St. Louis Wants to Control Its Own Police Force Again
In the nineteenth century, some states took control of local police forces. Today, St. Louis is the last big city whose force is still under state control.
It seemed like a good idea 150 years ago. Now that just about everybody agrees it’s a bad idea, Missouri can’t seem to get rid of it.
The idea is having the state run the local police force in St. Louis. The state took control back in 1861, at the start of the Civil War. Segregationist Gov. Claiborne Jackson wasn’t crazy about having the Unionist city control its own large arsenal. State takeovers of local police were also trendy back then, with New York taking the lead in 1857 and cities such as Baltimore, Chicago and Philadelphia following suit.
But the Civil War has been over for a while now, and every other big city has long since won back control of its own police. (One outlier is Kansas City, Mo.)
St. Louis Mayor Francis Slay, like his predecessors, argues that because the city pays the police department’s bills, it should have the authority to run the force. As it stands, St. Louis residents have no recourse at the polls if they’re unhappy about how the police are performing, he says. And he claims that the city would save $4.5 million in duplicative administrative costs if given direct control.
For some time, local control was stymied by the police union, which worried about its effect on pensions and political interference from the city’s Board of Aldermen. Local-control legislation that passed the Missouri House earlier this year allayed their concerns, and the prospect of a ballot initiative to remedy the matter further focused the Legislature’s attention.
But then things took an odd turn.

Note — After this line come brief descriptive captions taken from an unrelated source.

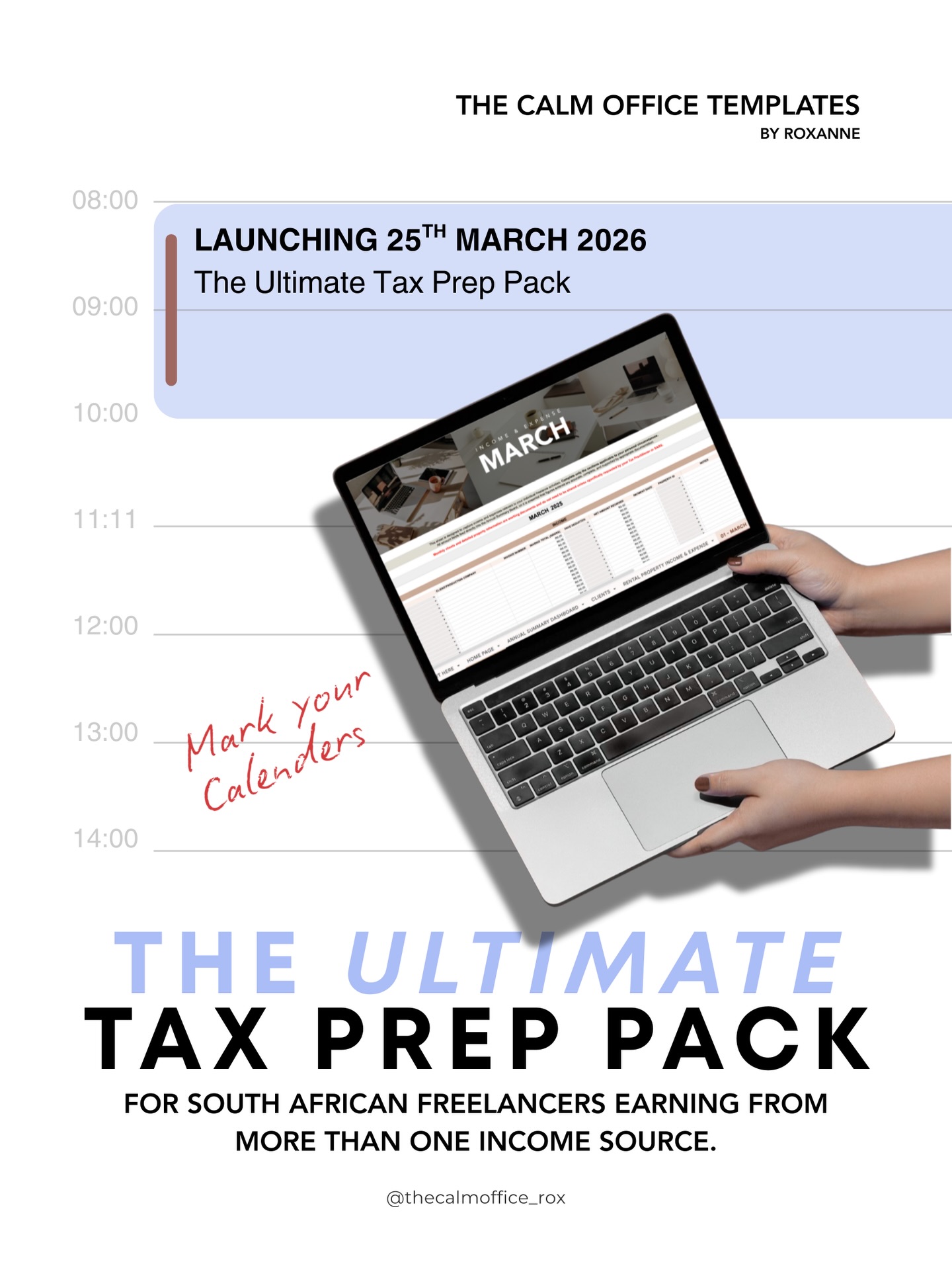 Launching in time for your first official CEO day!
April 1st marks the day your March 2026 Bank Statement is ready for download and it marks the start of a new habit.
Truth be told I am excited and petrified at the same time.
Launching something new, unrelated to things I’ve been known to do before is SCARY. But 2026 means getting out of my own way so I’m over here doing it anyway, WHY…
Because this is going to inspire big moves in the lives of freelancers who are ready to organise their freelance income and trade related expenses.
The ones like you and me - who are brave enough to sit down with our numbers and become empowered in the knowledge of where we actually stand - not where we think we stand.
Turning our finances into a priority means making decisions our future selves will thank us for.
More soon from your organised new friend and fellow freelancer
Roxanne ✨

The bill was taken hostage by senators wanting to push through their version of tax-credit legislation. The House refused to play ball, and both bills died.

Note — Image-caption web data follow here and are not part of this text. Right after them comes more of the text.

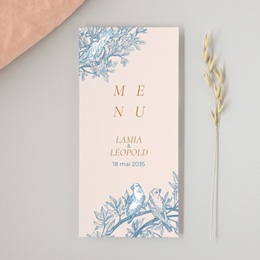 Menu mariage Love birds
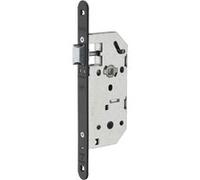 Serrure monopoint à encastrer MONOMAX pour porte d'intérieur bec de cane axe 40mm acier - FTH THIRARD - 00046800 Noir (faceplate) / Galvanisé (coffre métallique)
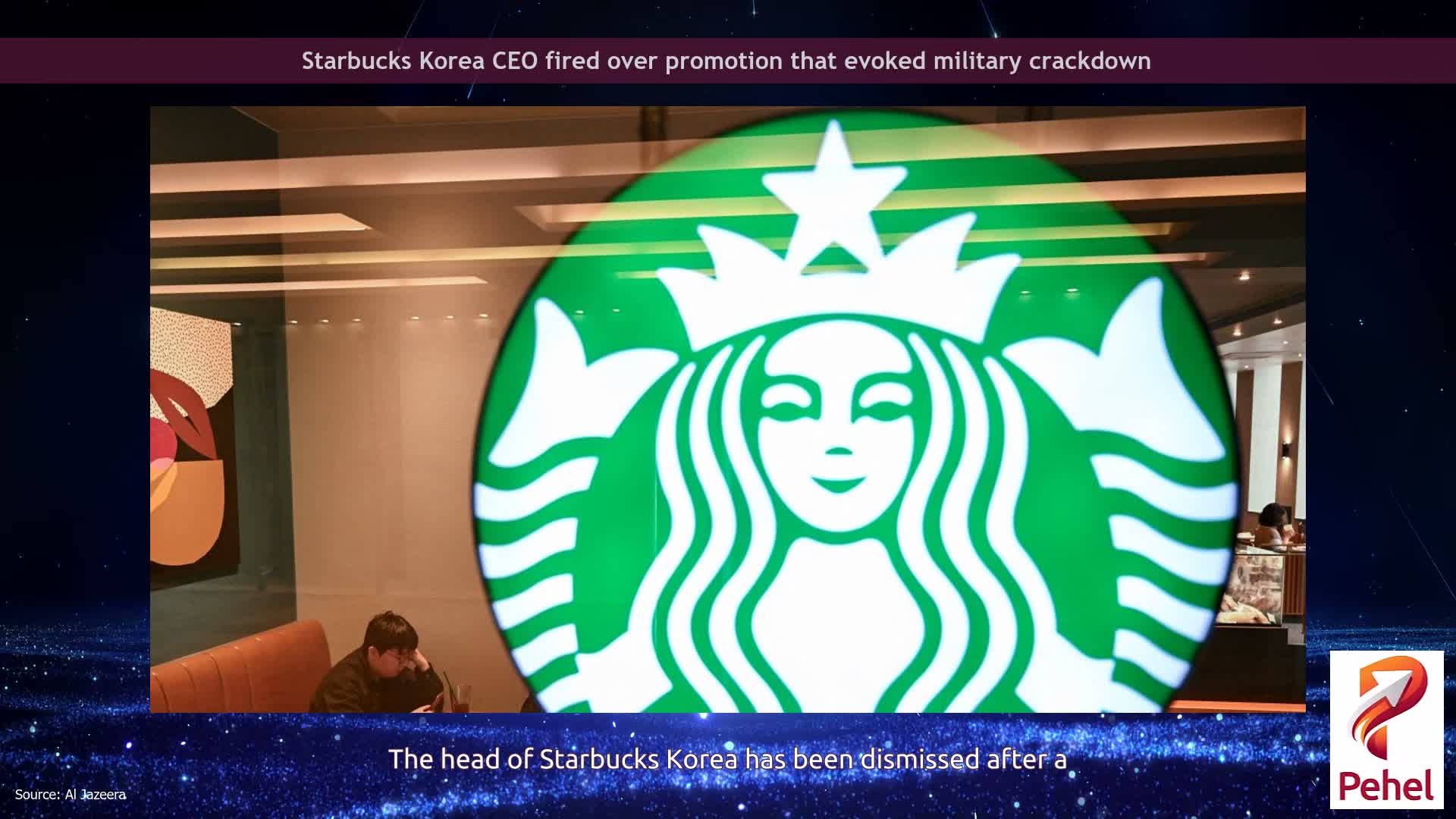 Starbucks Korea CEO fired over promotion that evoked military crackdown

Slay had high hopes for another shot during a special session in October, but, again, unrelated disputes got in the way. Legislative leaders refused to move any bills unless an economic development package went through, and so nothing was passed.
Despite the disappointment, there’s always hope that the “near-perfect” consensus that has developed in favor of local control, as Jeff Roorda of the St. Louis Police Officers’ Association describes it, will push the legislation forward at a later date.
It’s long overdue, says Andrew Theising, director of the Institute for Urban Research at Southern Illinois University in Edwardsville. “St. Louis in the post-Civil War era was really messed up, and it actually was a very smart move to take local control away,” he says.
But those days are long over, and the state has sometimes interfered politically in the doings of the local force, which at this point is a power that’s difficult to defend. “The city of St. Louis is justified in asking for the return of local control,” Theising says.